17. Februar 2008
Am Aschermittwoch gab’s mal wieder einen echten Oettinger: Der Ministerpräsident überraschte seinen Schulminister Rau und die erstaunte Öffentlichkeit mit einem Schnellschuss aufs Turbogymnasium. Er sah sofortigen Reformbedarf, nachdem das zuständige Ministerium tags zuvor erklärt hatte, grundlegende Reformen seien nicht vorgesehen.
Immerhin scheint es der Landesregierung allmählich zu dämmern, dass mit der überstürzten, undurchdachten und konzeptionslosen Einführung des achtjährigen Gymnasiums Chaos in vielen Gymnasien des Landes Einzug gehalten hat. Man kann eben nicht erwarten, dass etwas, was bisher in neun Jahren erledigt wurde, jetzt ohne Abstriche in acht Jahren gemacht werden kann, ohne dass dies ernsthafte Konsequenzen für den Unterricht und die gesamte Schule hat. Da die Mindeststundenzahl von 265 Jahreswochenstunden bis zum Abitur nicht gekürzt wurde, ächzen Kinder und Jugendliche unter einer 40-50-Stundenwoche.

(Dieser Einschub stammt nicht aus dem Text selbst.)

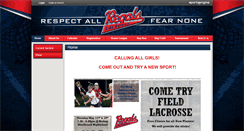 Desktop Screenshot of guelphregalslacrosse.com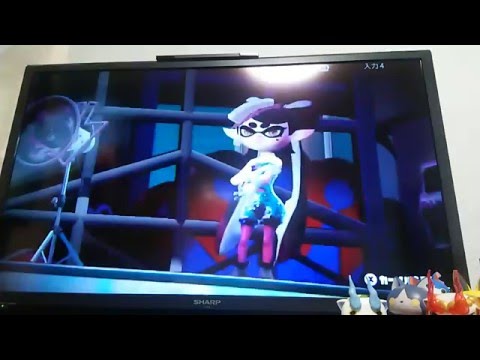 スプラトゥーン第９回フェスのシオカラーズ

Die Vorschläge von allen Seiten überschlagen sich insbesondere, seitdem die Hessenwahl für die CDU wohl auch wegen des Turboabiturs eher suboptimal ausgegangen ist. Die einen wollen den Samstagsunterricht wieder einführen, andere sprechen von gründlicher „Entrümpelung“ der Lehrpläne, was immer das heißen mag. Unser Ministerpräsident kam mit der skurrilen Idee, den naturwissenschaftlichen Unterricht zu kürzen. Als hätten wir nicht bereits einen Fachkräftemangel im naturwissenschaftlichen und technischen Bereich, der in Baden-Württemberg nach Berechnungen des Wirtschaftsministeriums zu einem Wertschöpfungsverlust von etwa 3,5 Milliarden Euro pro Jahr geführt hat.
Was unsere Gymnasien sicher nicht brauchen, ist ein Dauerfeuer aus Schnellschüssen. Und sie brauchen noch weniger lustige Einfälle, die einem Ministerpräsidenten eben so am Aschermittwoch spontan in den Kopf kommen. Das aus verschiedenen Gründen wünschenswerte achtjährige Gymnasium braucht vielmehr eine Gesamtkonzeption, eingebettet in eine Reformkonzept für das ganze Schulsystem.
Die SPD-Landtagsfraktion hat mit ihrem „Bildungsaufbruch“ Leitplanken für ein solches Gesamtkonzept entwickelt. Ich greife einmal zwei Punkte auf, die aus diesem Konzept zwingend folgen und mir besonders wichtig erscheinen:
• Die Schule der Zukunft ist Ganztagsschule. Viele Gymnasien wurden durch das Turboabitur faktisch zu Ganztagsschulen, ohne dem Lern-Tag für ihre Schüler einen anderen Rhythmus zu geben oder das Angebot der Schulen für Mahlzeiten oder Pausen und Freistunden zu verbessern.
• Ganztagsschulen brauchen keine Hausaufgaben. Der Ministerpräsident will Hausaufgaben in der Schule erledigen lassen. Sind sie dann noch Hausaufgaben? Oder nicht eher Schulaufgaben? Aber warum dann nicht noch den einen Schritt weiter gehen und Hausaufgaben abschaffen? Zumal erst kürzlich eine Studie von Bildungsforschern der TU Dresden einmal mehr ergeben hat, dass Hausaufgaben nicht dazu beitragen, dass sich die Noten der Schüler verbessern?
Natürlich ist dies nicht ein Allheilmittel. Und natürlich muss auch über Lehrpläne und Lernziele nachgedacht werden. Und die Reform des Schulsystems muss wesentlich umfassender sein, eine neue integrative Pädagogik der individuellen Förderung und Forderung hat noch weitaus tiefgreifendere Konsequenzen. Es wäre aber immerhin ein erheblicher Fortschritt, wenn die Regierung und der Kultusminister wenigstens diese zwei genannten Punkte ins Auge fassen und für die Umsetzung die notwendigen Ressourcen bereitstellen würden.